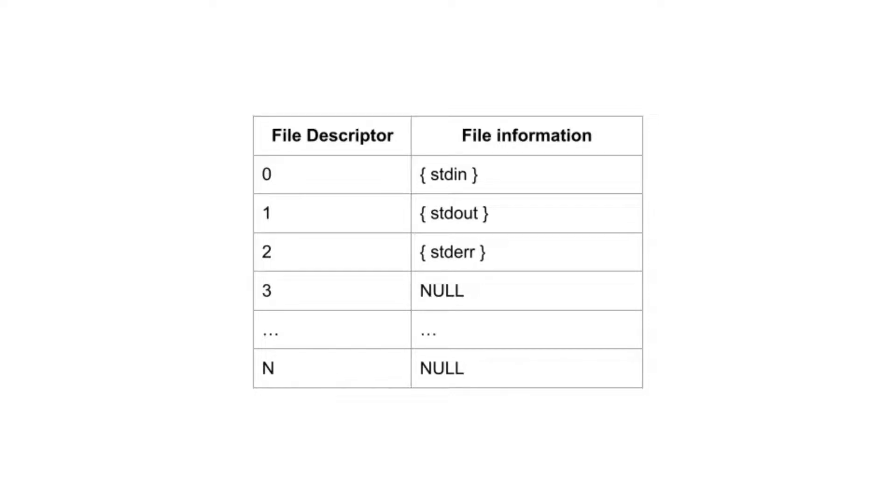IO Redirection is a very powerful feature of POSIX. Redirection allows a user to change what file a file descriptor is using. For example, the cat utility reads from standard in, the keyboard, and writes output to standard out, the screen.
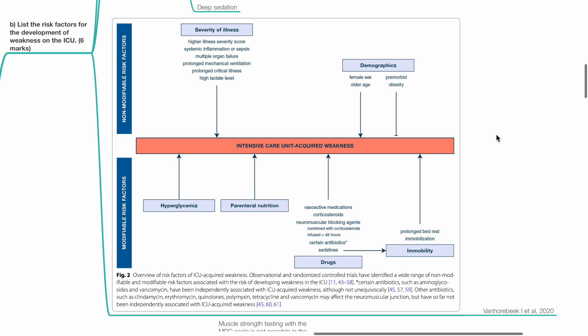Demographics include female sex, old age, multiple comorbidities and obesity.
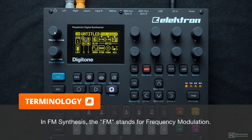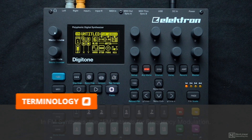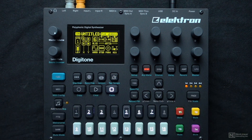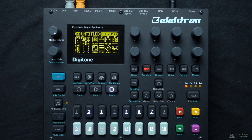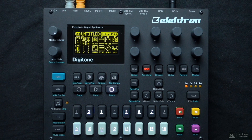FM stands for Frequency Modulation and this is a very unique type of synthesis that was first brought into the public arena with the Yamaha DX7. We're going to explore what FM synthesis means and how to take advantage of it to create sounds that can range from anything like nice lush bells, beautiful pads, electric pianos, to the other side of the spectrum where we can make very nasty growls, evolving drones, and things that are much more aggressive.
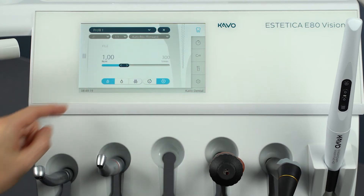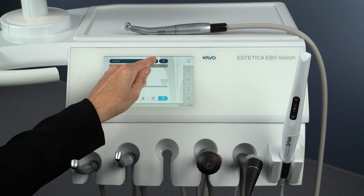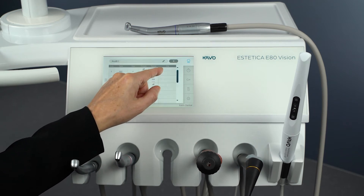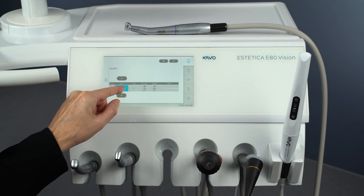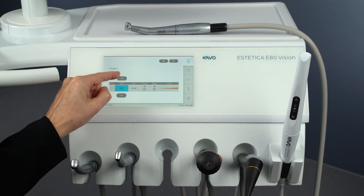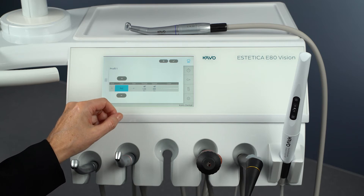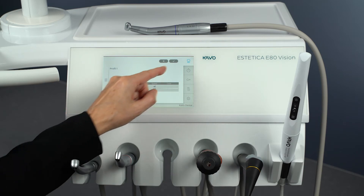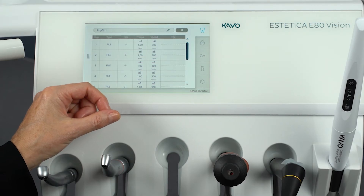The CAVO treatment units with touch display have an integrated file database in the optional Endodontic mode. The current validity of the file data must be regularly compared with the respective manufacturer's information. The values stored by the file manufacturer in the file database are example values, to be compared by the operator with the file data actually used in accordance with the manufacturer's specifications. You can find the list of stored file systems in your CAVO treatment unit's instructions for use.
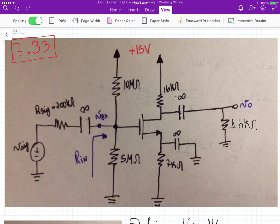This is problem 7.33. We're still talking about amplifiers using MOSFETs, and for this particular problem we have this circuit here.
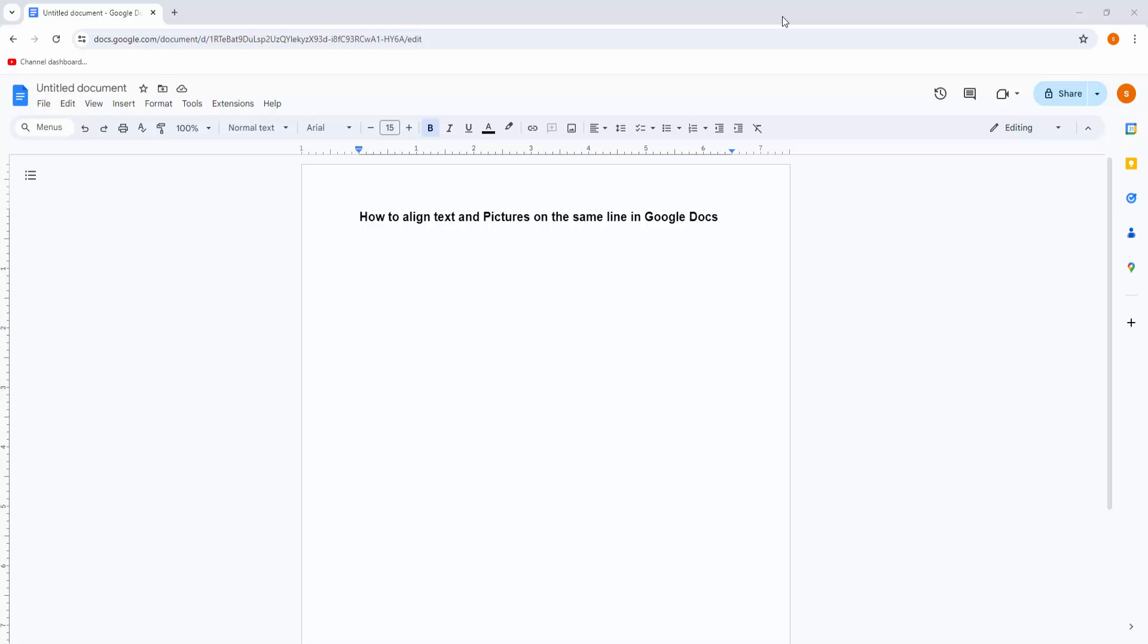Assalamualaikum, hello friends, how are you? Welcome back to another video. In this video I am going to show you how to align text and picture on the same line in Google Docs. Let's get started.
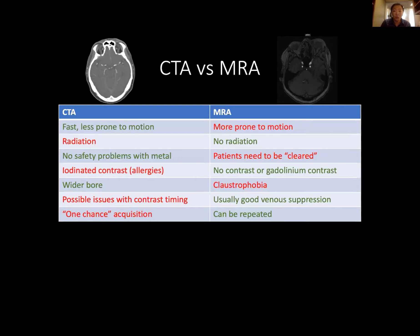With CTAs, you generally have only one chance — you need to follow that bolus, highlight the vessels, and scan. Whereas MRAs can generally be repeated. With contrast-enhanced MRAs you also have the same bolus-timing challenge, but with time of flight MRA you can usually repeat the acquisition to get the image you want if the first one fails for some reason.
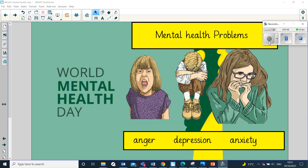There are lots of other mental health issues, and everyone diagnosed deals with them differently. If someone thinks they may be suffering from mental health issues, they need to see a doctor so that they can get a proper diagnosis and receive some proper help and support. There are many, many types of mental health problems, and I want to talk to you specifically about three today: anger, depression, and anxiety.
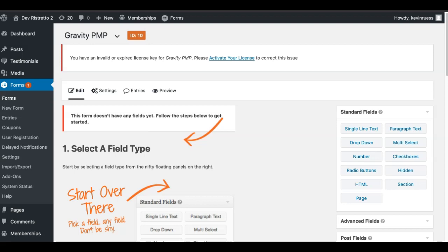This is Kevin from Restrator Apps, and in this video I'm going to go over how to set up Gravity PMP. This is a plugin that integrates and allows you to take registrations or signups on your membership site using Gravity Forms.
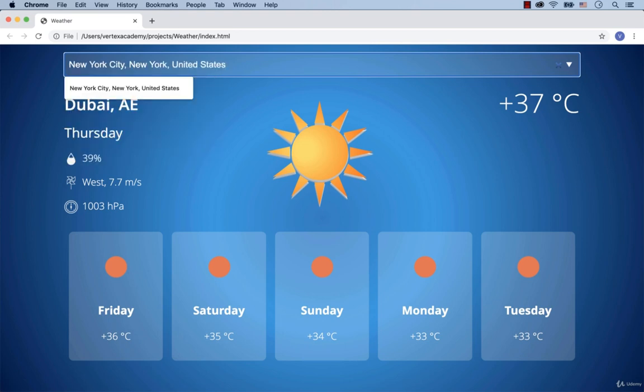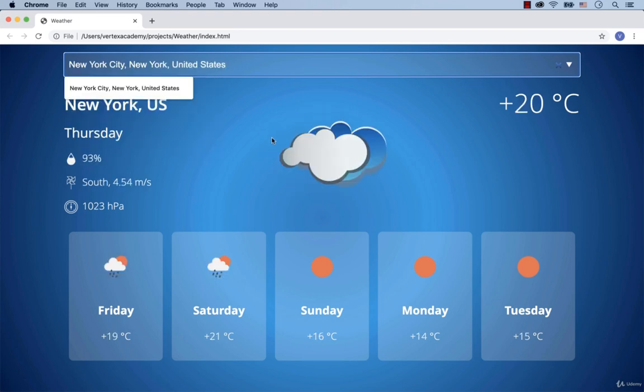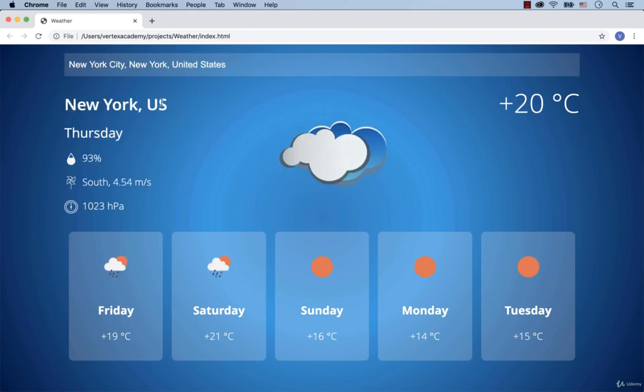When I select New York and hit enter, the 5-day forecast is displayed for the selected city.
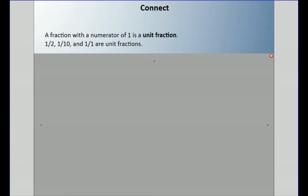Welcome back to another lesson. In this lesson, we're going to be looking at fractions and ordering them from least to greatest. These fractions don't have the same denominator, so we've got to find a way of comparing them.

--

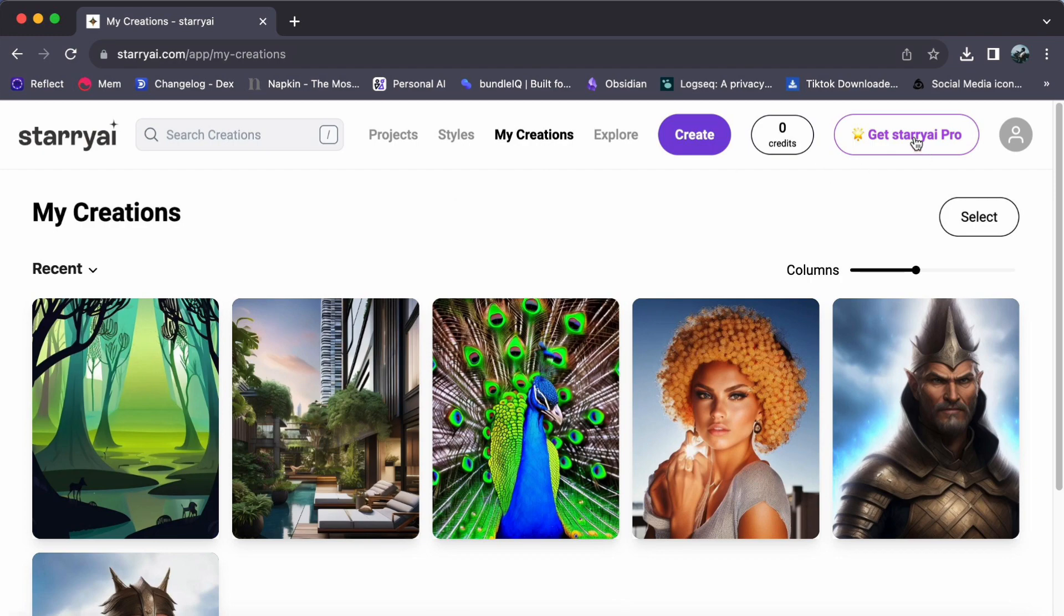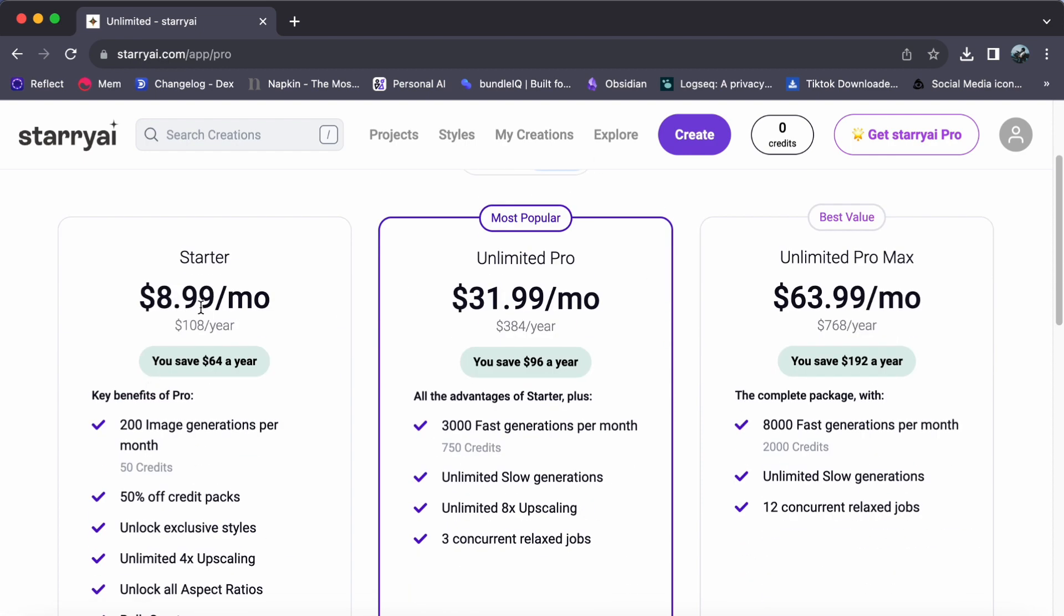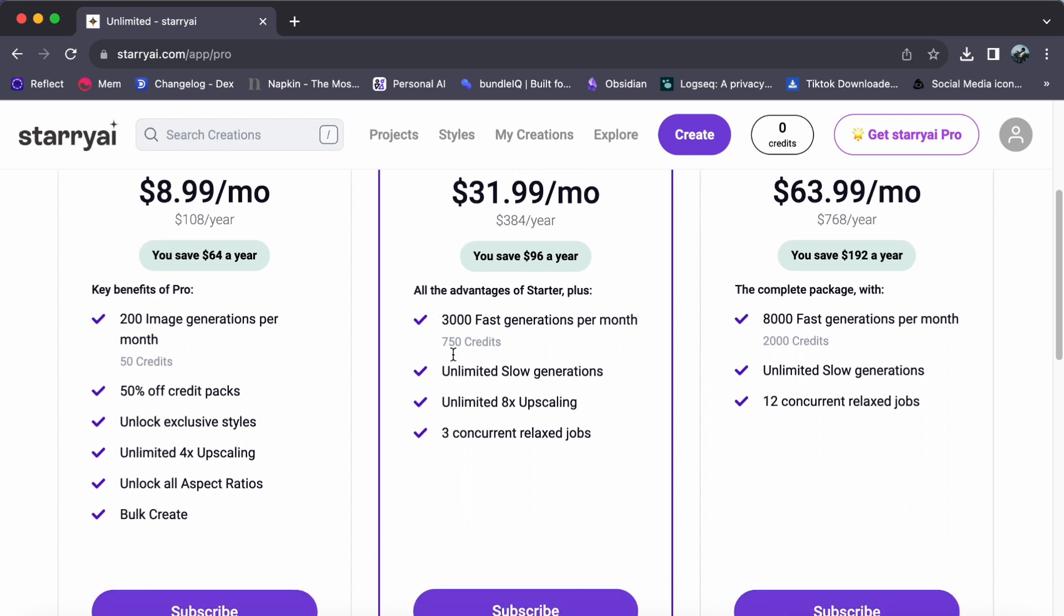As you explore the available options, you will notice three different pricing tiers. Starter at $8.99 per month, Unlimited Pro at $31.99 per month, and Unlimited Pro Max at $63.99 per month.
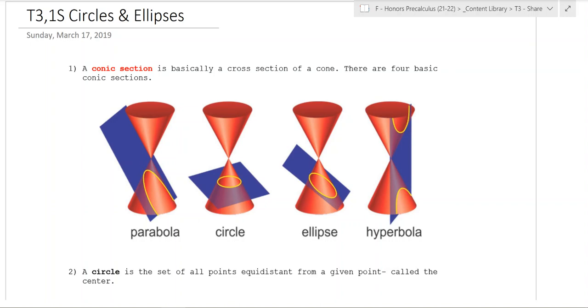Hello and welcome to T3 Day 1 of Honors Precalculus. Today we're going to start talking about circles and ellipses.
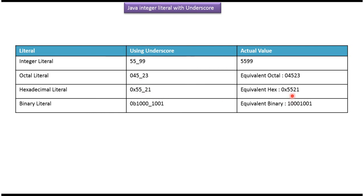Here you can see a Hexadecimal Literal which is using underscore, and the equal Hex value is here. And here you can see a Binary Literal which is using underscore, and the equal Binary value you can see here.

Task -
Look above for the line containing "As you explore", then write out every line from there down to the line containing "Here you can see a Hexadecimal", that line included, with no pictures.

Exercise result -
As you explore the available options, you will notice three different pricing tiers. Starter at $8.99 per month, Unlimited Pro at $31.99 per month, and Unlimited Pro Max at $63.99 per month.
Hello and welcome to T3 Day 1 of Honors Precalculus. Today we're going to start talking about circles and ellipses.
Here you can see a Hexadecimal Literal which is using underscore, and the equal Hex value is here. And here you can see a Binary Literal which is using underscore, and the equal Binary value you can see here.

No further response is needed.